Intervention de Olivier Kempf

Réunion du mercredi 22 septembre 2021 à 16h30
Mission d'information sur la résilience nationale

Olivier Kempf, chercheur associé, Fondation pour la recherche stratégique (FRS) :

Je suis également fondateur et vice-président de l'Institut national pour la cybersécurité et la résilience des territoires. Nous avons rapproché ces notions de résilience et de cybersécurité et celle de territoire, car ces espaces ne sont pas épargnés par les risques systémiques qui se multiplient. Si la résilience des territoires était surtout appréhendée sous le prisme des calamités naturelles, de nouvelles menaces systémiques pouvant affecter la résilience des territoires se manifestent avec une ampleur particulière, en particulier depuis les derniers mois : pensons à la pandémie, aux chocs climatiques ou aux risques cyber. Une sorte de « pandémie cyber » s'est même abattue sur nos territoires, nos entreprises, nos collectivités, nos concitoyens, qui se traduit par une véritable explosion des cyberagressions – terme que je préfère à celui de cyberattaques – qui me semble plus approprié aux usages militaires – reposant sur deux principaux vecteurs : le rançonnage, qui est désormais bien connu ; le « minage » clandestin des ordinateurs visant à extraire des bitcoins et autres cryptomonnaies ; ce phénomène ne doit pas être négligé.

Ces cyberagressions affectent de larges pans de l'activité et affichent une croissance à la fois quantitative – plus personne ne peut considérer qu'il est trop petit pour être agressé – et qualitative – nous observons une industrialisation et une élévation du niveau des agressions, même si la plupart d'entre-elles frappe surtout les premiers échelons de défense. L'image du pirate informatique capable de casser le code de la CIA depuis son garage de Saint-Pétersbourg ou de San Francisco relève désormais du mythe. Les pirates informatiques se sont professionnalisés et regroupés pour intensifier leurs activités. Ils peuvent tirer parti de la croissance continue du cyberespace, dont l'extension est liée aux vagues successives de révolutions informatiques – la transformation numérique étant la dernière en date – que nous connaissons depuis quarante ans. Ces acteurs bénéficient également de la multiplication des usages du numérique – que la pandémie a d'ailleurs accélérée à travers la généralisation du travail à distance.
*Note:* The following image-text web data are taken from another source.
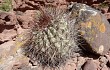 Preview photo Echinopsis rhodacantha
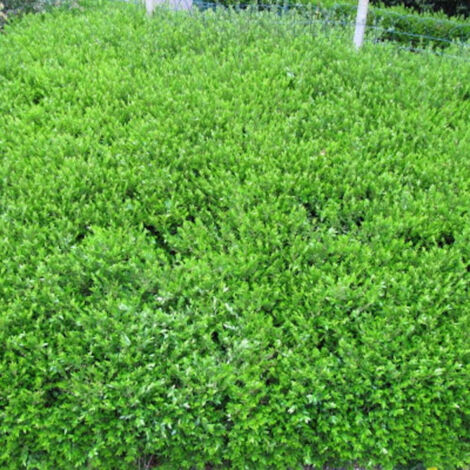 Chèvrefeuille cupule pileata | Pot de 3L - 20/40 cm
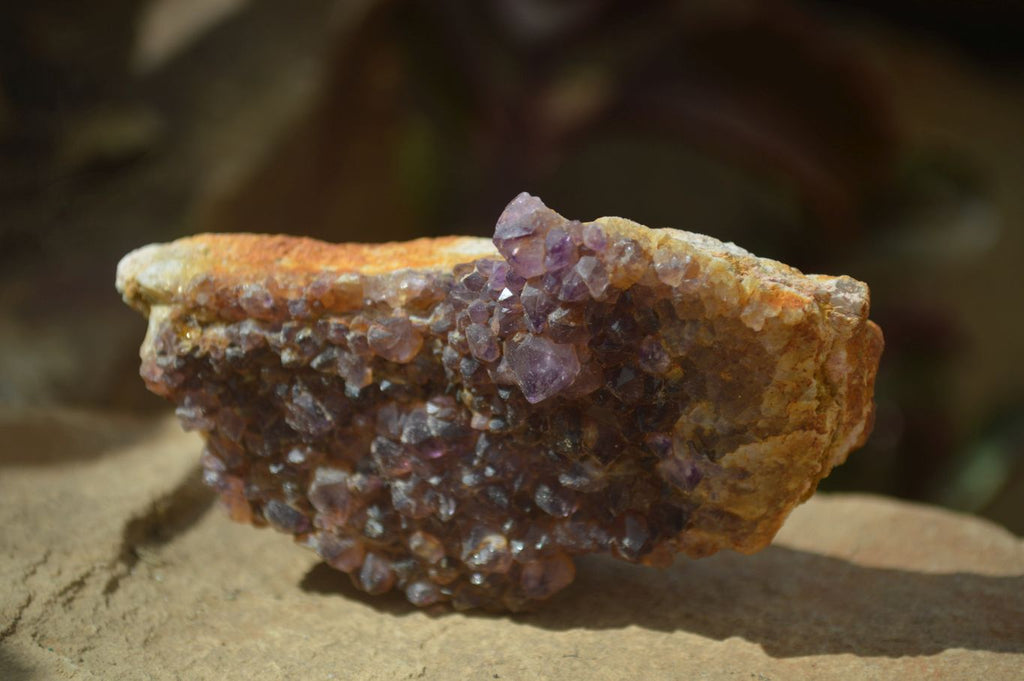 Natural Amethyst Crystal Plates x 12 From Mapatizya, Zambia - Toprock Gemstones and Minerals 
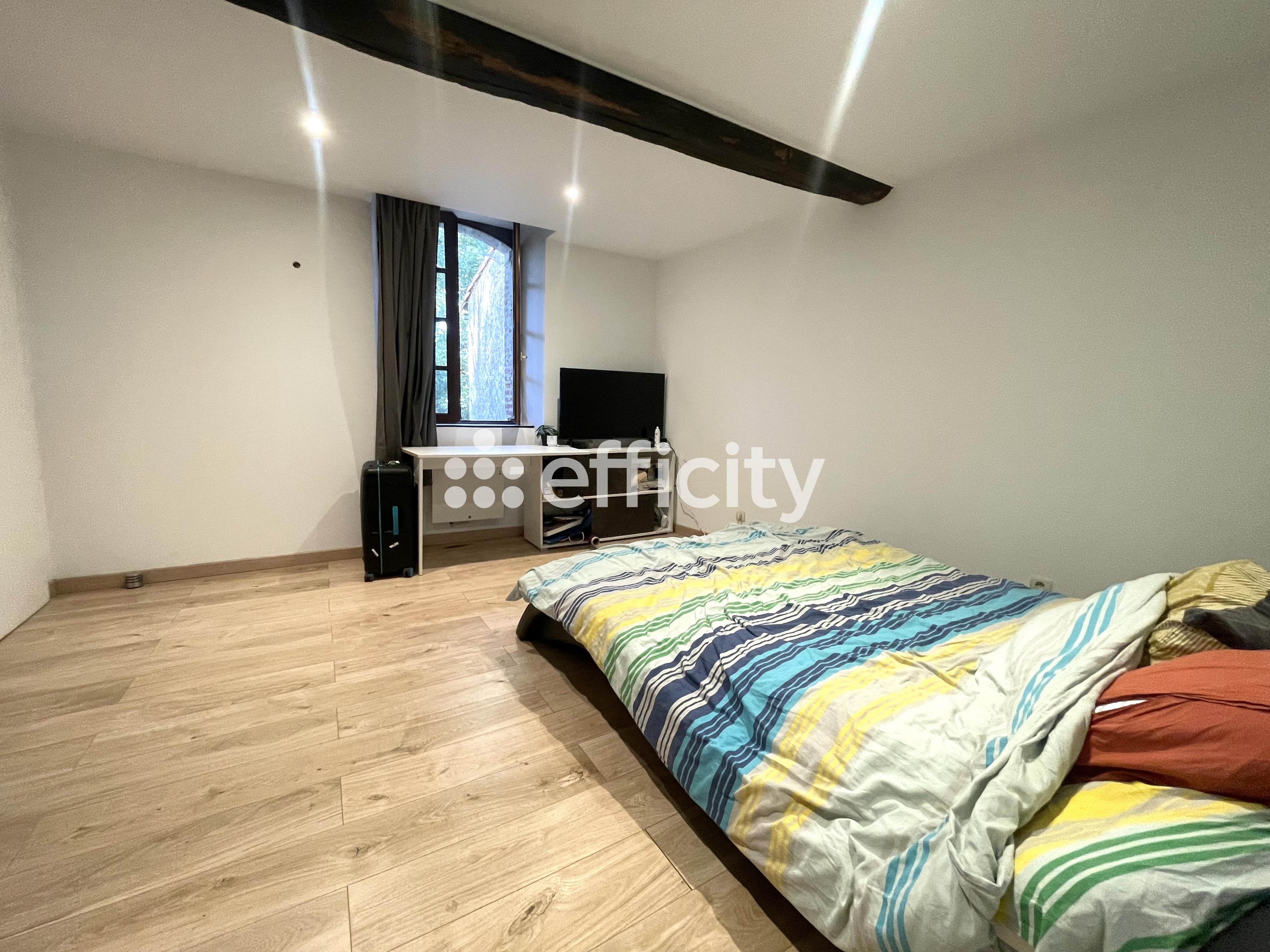 Achat immobilier Maison 9 pièces  388m2 à Saint-Amadou (09100) - Photo n°12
Nous constatons par ailleurs un accroissement de la cyberconflictualité, qui relève du niveau politique et géopolitique. Il ne saurait cependant être question de « cyberguerre », dans la mesure où cette conflictualité se maintient en deçà d'un seuil de létalité dont les contours restent à définir. La difficulté d'attribuer les actions dans l'espace cyber à un agent ou à un commanditaire déterminé permet une multiplication des initiatives, qui perturbent nos alliances traditionnelles. Nos amis sont peu nombreux, puisque tout le monde avance masqué, sans connaître réellement les actes de l'autre. Tout le monde s'espionne. Dans la mesure où cette cyberconflictualité non létale n'impressionne ni les populations ni les dirigeants, il est difficile de l'entraver.